I peer through the handsome double-breasted front door. A face glares back. Cellphone encased in sweaty palm, pink corporate shirt, tie bunched at one side, like an extra from The Bonfire of the Vanities; a dude making a deal. I wonder if he grasps the cultural importance of the building in which he stands? If he might understand why a UK-based music writer would choose to fly three-and-a-half thousand miles simply to stand in this spot? To listen, observe, experience those same sounds that Cage heard out of his window and then talked up in elevated terms that most people use to describe music: ‘If you listen to Mozart and Beethoven, it’s always the same,’ he claimed. ‘But if you listen to the traffic here on Sixth Avenue, it’s always different.’
This year, 2012, is the centenary of Cage’s birth. But, in the authentic Cageian spirit, I should have been bold enough to generate a magic random number to celebrate instead. Happy 99th and three months, or 103rd birthday, John! When Cage and Cunningham moved into their lower Manhattan loft in 1978, Cage was standing at a creative crossroads. He was 66 and Sonatas and Interludes, Concert for Piano and Orchestra, Fontana Mix and 4'33" – pieces which had frogmarched everything ‘classical’ music stood for in the opposite direction, over a cliff edge basically, were now decades old. They had status. They were avant-garde ‘classics’, an unsettling paradox which left Cage with profoundly ambivalent feelings. The trajectory between Sonatas and Interludes and 4'33" traces his aesthetic journey in microcosm. Sonatas and Interludes, completed in 1948, made good on the founding keyboard experiments of Henry Cowell. By carefully positioning screws, nuts and erasers et al into the inside of a grand piano, his ‘prepared piano’ was a percussion instrument of make-believe. But Cage’s rhythmic and melodic motifs still sounded like ‘music’.
Concert for Piano and Orchestra and Fontana Mix (both 1958) were by a different Cage. When, in 1951, the composer Christian Wolff gave him a copy of the I Ching, the ancient Chinese ‘Book of Changes’, Cage’s interest in chance procedures stepped up a gear. Concert is notated on 63 loose-leaf pages. Players can start anywhere, but – most radically – the spacing of notes on the stave is your guide about where to place sounds in time. Kiss adios to the narrative tension and release of directional harmony, shepherded by the interpretative goals of a conductor. And for all the soul-gazing provoked by his so-called ‘silent’ 4'33" (1952), that piece is simplicity itself. Cage offers listeners a performance situation analogous to ‘music’, but has stripped away all the apparatus of music.

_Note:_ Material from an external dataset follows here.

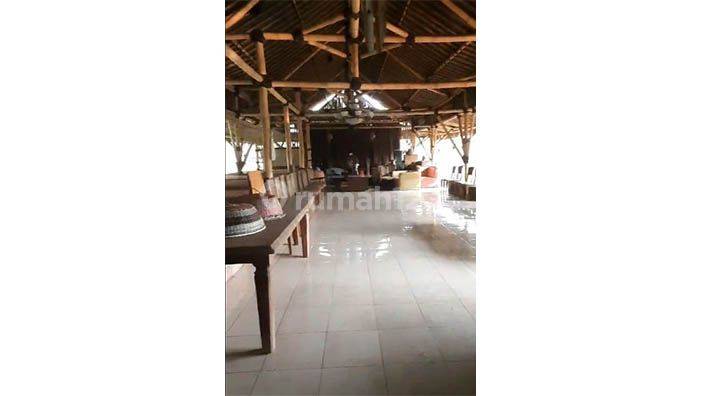 Dijual Saung, Resto & Rumah Tinggal di Jalan Raya Cianjur 2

And why? He would spend the rest of his life answering that question. But by placing environmental sound within a metaphorical frame, Cage was encouraging us to re-evaluate our assumptions about where music stops, or starts, and where sound starts, or stops. Anyone who still reckons 4'33" is about silence can leave the room now.

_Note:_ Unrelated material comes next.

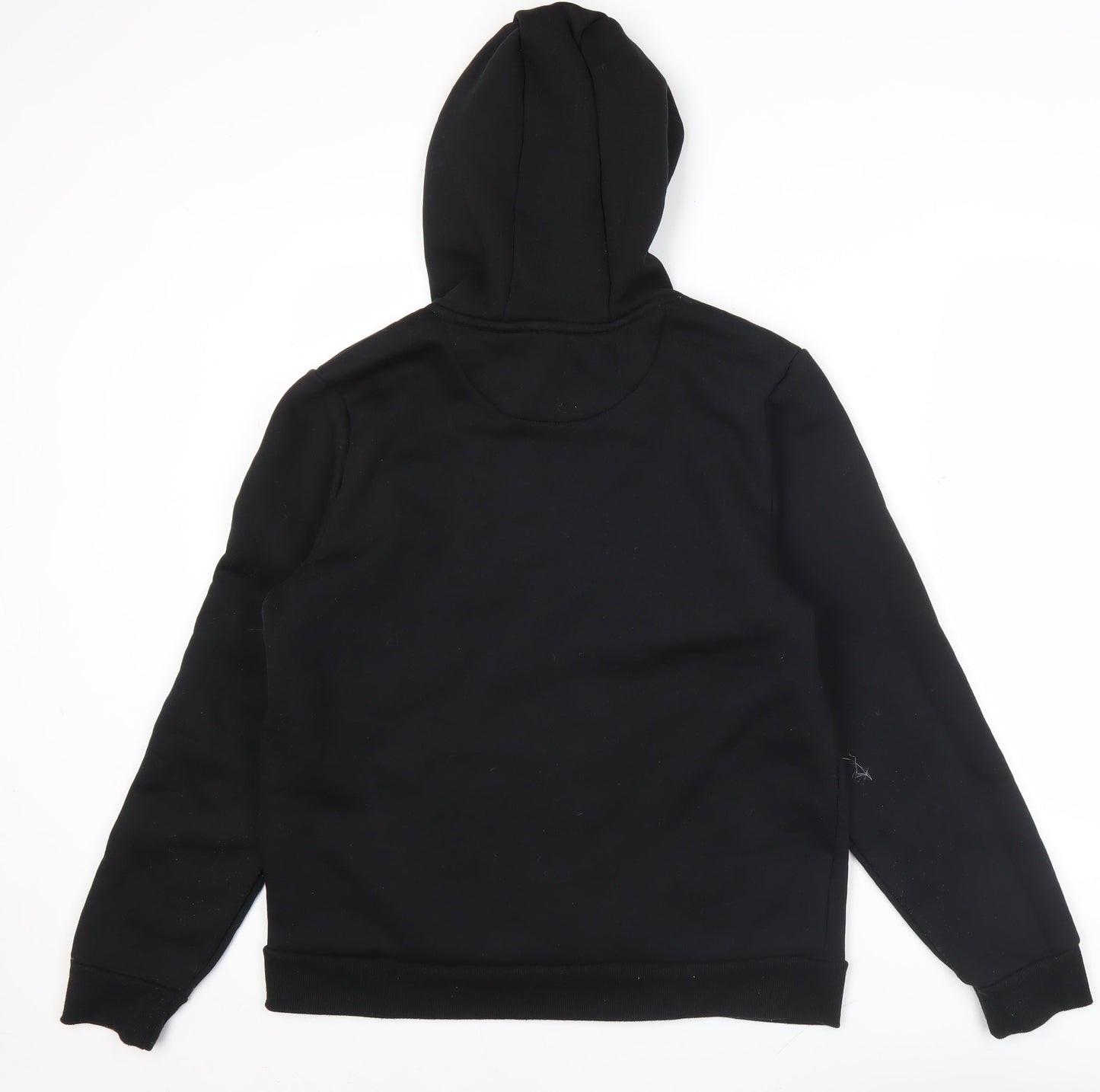 Mens UK Size L Brave Soul Black Pullover Hoodie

In his book A Year from Monday (1967), Cage twisted the thumbscrews ever harder. ‘I am less and less interested in music,’ he wrote, ‘[because] I find environmental sounds and noises more aesthetically useful than the sounds produced by the world’s musical cultures’; moreover, ‘A composer is simply someone who tells other people what to do. I find this an unattractive way of getting things done.’ During the 1970s, Cage flirted with the thoughts of Chairman Mao, while his belief in electronics representing the ultimate symbol of musical progress unravelled in proportion with his rising concern about the state of the planet.
Pieces with titles like Lecture on the Weather (1975, for the triumphantly impractical combination of ‘12 speaker vocalists, preferably American men who have become Canadian citizens’) and Litany for the Whale (1980, ‘vocalise for two vocalists’) began to appear; and by 1978, when he moved to West 18th Street, the case could be made that Cage’s philosophical stance had become self-indulgent, muddled and unworkable.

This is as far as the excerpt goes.